Saturday, 3 September 2011

Paris- The city of my Dreams

Paris- The City of Dreams

 Before I left Rome, I dashed off an email to my friend John Kuruvilla, an artist working in Paris. He had now specialized in painting pictures on the bodies of people and had a wide circle of clientele including a few minor French actors! We had studied Journalism together and later worked for an advertising agency in Bangalore. I had not seen him for years and was looking forward to meeting him.

    My travel agent in Rome had booked me at the Hotel Migny Montmartre walking distance from the famous Opera de Paris. Every evening, I hung around the grand marble staircase of the majestic building; admiring Parisians walking leisurely or taking pictures of people. The Opera is a hot spot of French theater and music.
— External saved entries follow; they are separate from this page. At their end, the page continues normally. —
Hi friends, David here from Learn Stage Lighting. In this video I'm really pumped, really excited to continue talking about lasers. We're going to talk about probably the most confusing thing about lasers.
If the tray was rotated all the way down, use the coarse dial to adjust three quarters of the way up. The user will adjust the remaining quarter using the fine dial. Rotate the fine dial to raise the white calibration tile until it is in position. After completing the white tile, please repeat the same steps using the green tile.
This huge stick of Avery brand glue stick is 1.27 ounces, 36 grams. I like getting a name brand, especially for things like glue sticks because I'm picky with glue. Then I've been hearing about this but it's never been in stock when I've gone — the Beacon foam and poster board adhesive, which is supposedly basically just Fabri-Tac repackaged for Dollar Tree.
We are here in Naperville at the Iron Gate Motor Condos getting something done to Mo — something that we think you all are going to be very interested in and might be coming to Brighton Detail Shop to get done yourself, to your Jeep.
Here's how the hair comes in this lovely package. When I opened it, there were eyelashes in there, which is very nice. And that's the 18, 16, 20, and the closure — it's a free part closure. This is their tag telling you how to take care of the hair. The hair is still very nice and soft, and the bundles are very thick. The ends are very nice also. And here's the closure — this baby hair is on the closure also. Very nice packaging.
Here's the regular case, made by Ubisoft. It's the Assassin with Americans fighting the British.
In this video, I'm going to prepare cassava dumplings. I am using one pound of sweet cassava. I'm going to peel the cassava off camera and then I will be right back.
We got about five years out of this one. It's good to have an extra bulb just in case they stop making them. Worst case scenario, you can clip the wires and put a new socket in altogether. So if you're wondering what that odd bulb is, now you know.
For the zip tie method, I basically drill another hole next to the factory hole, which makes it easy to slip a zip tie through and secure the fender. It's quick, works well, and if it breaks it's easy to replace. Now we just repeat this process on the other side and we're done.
John and I arranged to meet at the Opera and when he did; I hardly recognized him! He spoke English with a French accent and had transformed himself into a Parisian with streaks in his hair and a French Goatee beard!

     I had promised my self that the first thing I would do in Paris was to open a bottle of Dom Perignon (it costs a bomb ranging from 68 USD to 1053 USD) in one of the best restaurants in town! It had looked terribly romantic then but now that I was there in Paris it looked quite silly. John might have had Champagne a million times and I felt a little shy to mention it. We strolled towards a fashionable area of the city and entered a charming little restaurant. The first thing he said as he sat me down was “Pourquoi pas ouvre une bouteille de Champagne pour célèbre notre reunion de nouveou le Cheri? (“Why not open a bottle of Champagne to celebrate our meeting again my dear!”) And I blurted out my wish quite unwittingly. John had raised an eyebrow and ordered to the serveur: “Dom Perignon pour la dame s’il vous plait.”

   The next day, I did the usual touristy things like standing in a long line to see the ‘Mona Lisa’ at the Louvre museum, and then walked through the Arc de Triomphe to later climb up the Eiffel Tower. I bought some very fashionable clothes that I would never wear in India and generally spent a lot money buying accessories I did not really need!

   On day two, I took a coach, seating eight; to see the Palace of the Sun King Louis XIV at Versailles. There I met and bonded instantly with Dave and Margaret, a charming couple from Manchester in England. We had great fun clicking pictures of each other. We are still in touch and exchange emails very frequently. As we strolled through the vast gardens of the palace, I opened my sun umbrella to protect my skin from the very harsh rays of the afternoon sun! (I am allergic to it) Margaret laughed so hard and so long that I was very embarrassed. She wrote to me later that it was very unusual and funny for an Indian to do so! “Cela aussi a Paris Mon Cheri?” (That too in Paris my dear?) She has pasted a picture of me with the sun umbrella on the back side of her kitchen door, and she told me that it never fails to bring a smile on her face!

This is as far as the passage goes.